Im übrigen stellt das (Parlaments-)Gesetz in die Ermessensentscheidung des Rentenversicherungsträgers, ob eine bestimmte Leistung und ggf in welchem Umfang und auf welche Art und Weise sie zu gewähren ist. Der Versicherte hat gemäß § 39 Abs 1 Satz 2
SGB I einen Anspruch auf pflichtgemäße Ermessensentscheidung, jedoch keinen Anspruch auf eine bestimmte Leistung.

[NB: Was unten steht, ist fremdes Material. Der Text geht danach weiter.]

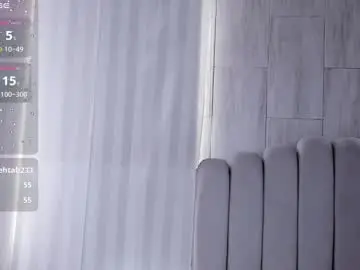 Chaturbate Sex Cam of mileyerikson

Hieran kann und soll § 7 Satz 1
KfzHV nichts ändern. Diese Vorschrift setzt voraus, daß - worauf noch einzugehen ist - der Versicherte und der Rehabilitationsträger in einem dialogischen Verwaltungsverfahren zuvor geklärt haben, daß die - anzuschaffende -
Kfz-Zusatzausstattung nicht nur objektiv im wesentlichen behinderungsbedingt, sondern zur Förderung des Rehabilitationszweckes auch erforderlich, ferner den besonderen Umständen des Einzelfalles angemessen sowie wirtschaftlich und - unter Beachtung des Grundsatzes der Gleichheit der Versicherten bei der Mittelverwendung - sparsam ist. Wenn und soweit eine vom Versicherten zur Anschaffung vorgesehene Zusatzausstattung diesen Anforderungen nicht genügt, also nicht notwendig ist, findet eine Kostenübernahme auch nach § 7 Satz 1
KfzHV nicht statt. Die Gewährung eines Zuschusses nach dieser Vorschrift setzt mithin eine Ermessensentscheidung des Rentenversicherungsträgers darüber voraus, ob und in welchem Umfang die vom Versicherten geplante Anschaffung einer behinderungsbedingten Zusatzausstattung als dem Rehabilitationsziel förderlich anerkannt wird. Eine derartige Entscheidung darf das SG nur in den Grenzen des § 54 Abs 2 Satz 2
SGG, also nur daraufhin überprüfen, ob Ermessensfehler vorliegen. Richtige Klageart ist also die (kombinierte Anfechtungs- und) Verpflichtungsklage. Zutreffend hat das
LSG erkannt, daß die Klage unbegründet ist.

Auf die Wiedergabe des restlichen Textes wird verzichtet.